** Exercise goal **
Nothing but the pictures should be dropped; repeat the rest of the data below exactly.

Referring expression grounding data
****************************************
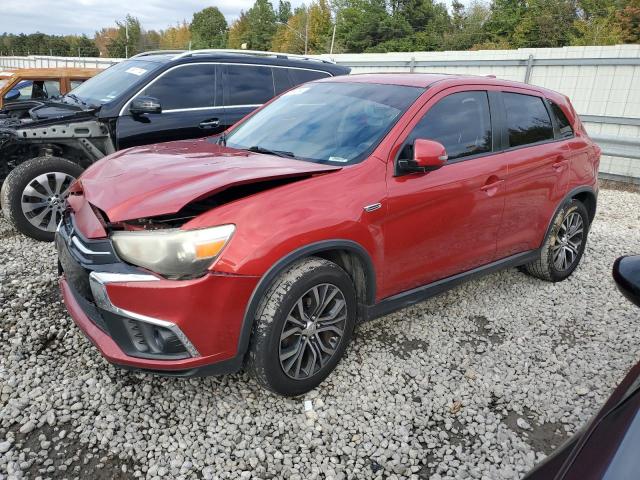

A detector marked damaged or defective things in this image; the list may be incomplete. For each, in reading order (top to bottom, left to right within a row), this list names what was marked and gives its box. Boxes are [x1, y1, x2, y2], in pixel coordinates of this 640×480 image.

crumpled hood [78, 138, 342, 222]
broken headlight [111, 224, 236, 278]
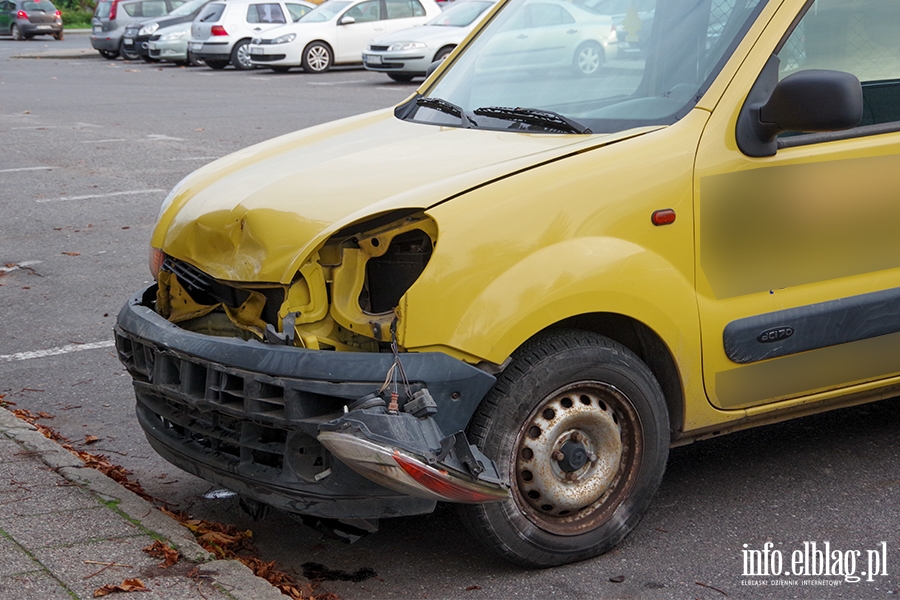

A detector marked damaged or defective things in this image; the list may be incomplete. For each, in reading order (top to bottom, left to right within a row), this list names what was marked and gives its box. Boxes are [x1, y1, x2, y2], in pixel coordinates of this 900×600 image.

crumpled yellow hood [155, 108, 648, 284]
damaged front bumper [113, 286, 506, 520]
rusty steel wheel rim [510, 382, 644, 536]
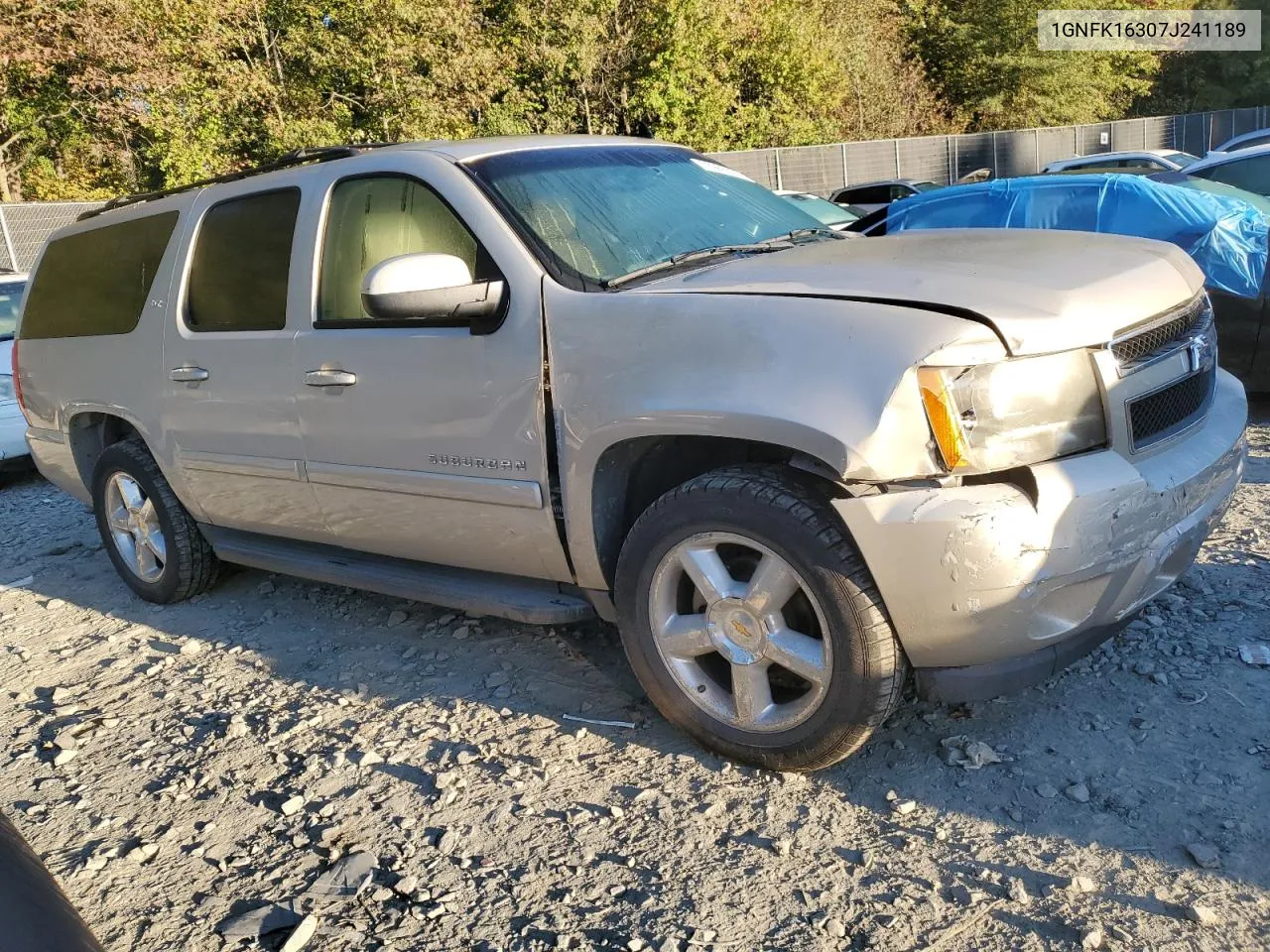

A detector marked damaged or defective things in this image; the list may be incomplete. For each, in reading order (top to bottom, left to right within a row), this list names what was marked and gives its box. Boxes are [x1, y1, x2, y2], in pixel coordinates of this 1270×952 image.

front bumper dent [837, 370, 1244, 700]
damaged front bumper [837, 368, 1244, 705]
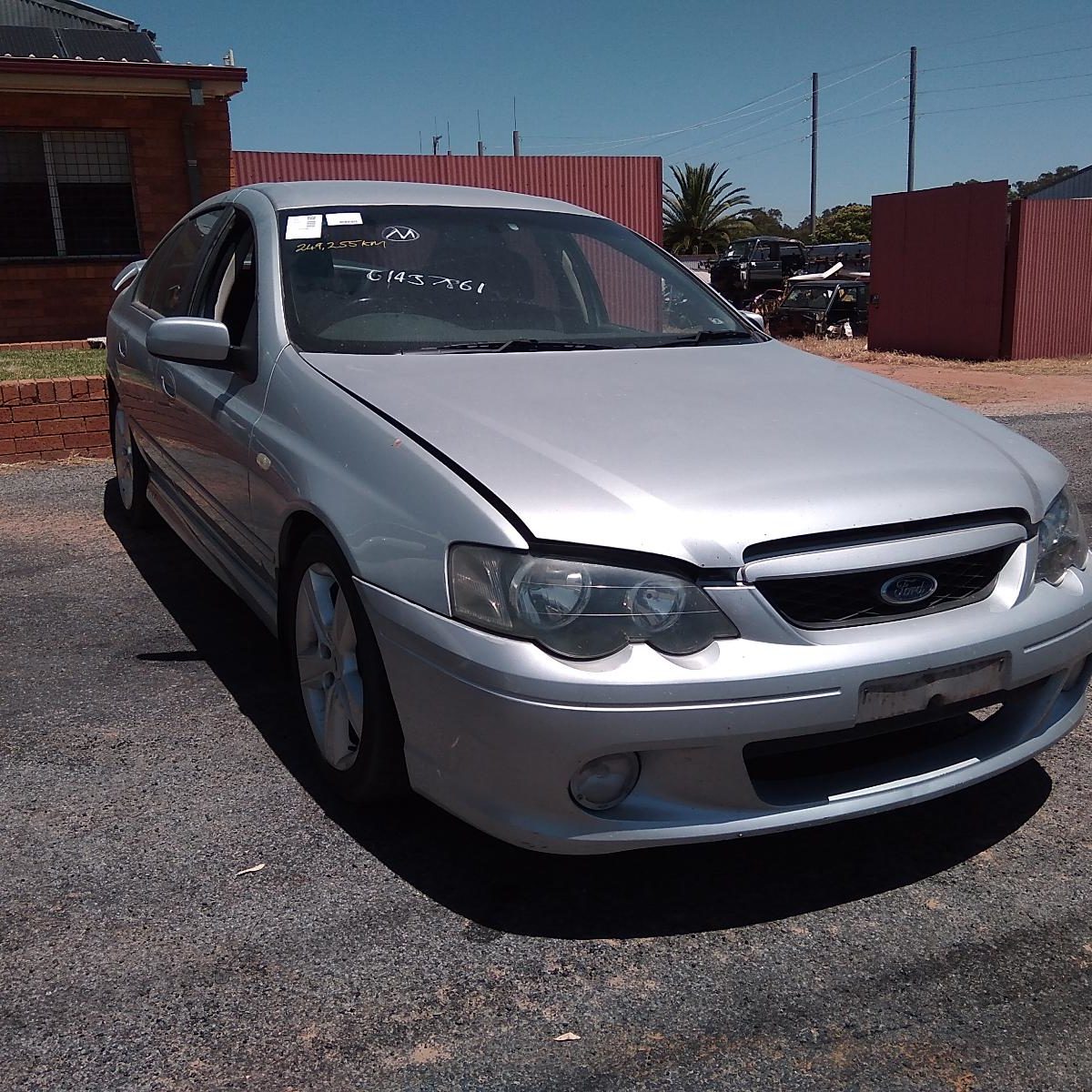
****************************************
** Response to the exercise **
A detector marked damaged or defective things in this image; the list may be incomplete. For each, in reading order (top to bottom, left to right within a row), this list names what was marked and gives its box. Boxes are [x1, y1, x2, y2], in pixel coordinates of this 640×480 image.

crumpled hood [78, 138, 342, 222]
broken headlight [111, 224, 236, 278]

A detector marked damaged or defective things in this image; the list may be incomplete. For each, in reading order (top to bottom, left to right within a row), this list names what was marked and gives its box. Boxes are [x1, y1, x2, y2], in pixel coordinates of this 900×600 image.

crumpled yellow hood [155, 108, 648, 284]
damaged front bumper [113, 286, 506, 520]
rusty steel wheel rim [510, 382, 644, 536]

A detector marked damaged or defective things in this image; the list may be incomplete. For each, in reading order (top to bottom, left to right within a row), this list names what was marked and gives its box. Boxes are [x1, y1, x2, y2], in pixel coordinates of this 1270×952 image.

front bumper dent [837, 370, 1244, 700]
damaged front bumper [837, 368, 1244, 705]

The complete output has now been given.